May 29, 2022

Ascension

Acts 1:1-11
Luke 24:44-53

Last night, I was speaking to my friend about this sermon and about the ascension, and she told me that it made her think of fireworks. A crowd gathers to watch as Christ ascends until he is hidden from view, and they all remain staring at the sky, waiting for that spectacular moment where sound and light pierce the darkness.

To risk spoilers for next week’s readings and for advent, this moment for which the crowd waits in our analogy is twofold in the narrative. At Pentecost, the Spirit descends as fire and fundamentally shifts the way in which humans encounter God. On the last day, Jesus will appear again, coming on the clouds with loud noise and bright light.

We stand between these two moments in the story, looking up and waiting for that explosion which happens both now and not yet.

As a Widnes girl though, having spent a lot of bonfire nights under the Jubilee bridge, this isn’t quite my experience of fireworks. Since leaving home, nobody’s firework displays seem to compare to the sight of a significant chunk of Halton Borough Council’s budget going up in smoke on the wall between the ship canal and the Mersey.

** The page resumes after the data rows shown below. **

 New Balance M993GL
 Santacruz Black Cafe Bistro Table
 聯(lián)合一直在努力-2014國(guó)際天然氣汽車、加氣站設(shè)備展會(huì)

Having been spoilt in this way, my favourite pastime at fireworks displays, and one I commend to you all, is to look at the faces of the crowd. There is something about those illuminated faces that reminds me of Moses: the awestruck illuminated by the one they behold; the pure, relaxed, unselfconscious beauty of one who gazes on something higher than themself.

As a good Anglican, I take great delight in saying that we must do both of these things and live as those who enjoy firework displays in two ways.

As those waiting for Christ to return just as he went, our eyes must be fixed on the heaven into which he went, and as those living after Pentecost, we must turn after the advice of the men in white, to look upon each other.

The ascension means that there is a real, flesh and blood, human body currently in heaven, and Pentecost means that there is God in our bodies. Thus, we must look up and behold God, in our prayers and in our gathering and in this sacrament. Also, we must look at each other as we are illuminated, in our gathering and in our mission.

The ascended Christ and the descended Spirit together bring close the perfect unity of God and creation that is ruptured in our falling and sin. This is the repentance and forgiveness which Christ sends us out as witnesses of. Not simply to report what Luke has witnessed and passed on to us, or even what we have witnessed ourselves, but to witness again in the world and in the faces of those we meet that repentance and forgiveness, that glorious work of restoration as heaven and earth reunite.

So this evening as we gather in the presence of God, as we commune with God and each other, let us keep our eyes both on the heavenly presence of the ascended one, and on the signs of God’s presence in our friends, neighbours, and enemies. As we go out, let us seek reconciliation, and seek out those signs of repentance and forgiveness in the world, and those places where our witness might bring it forth.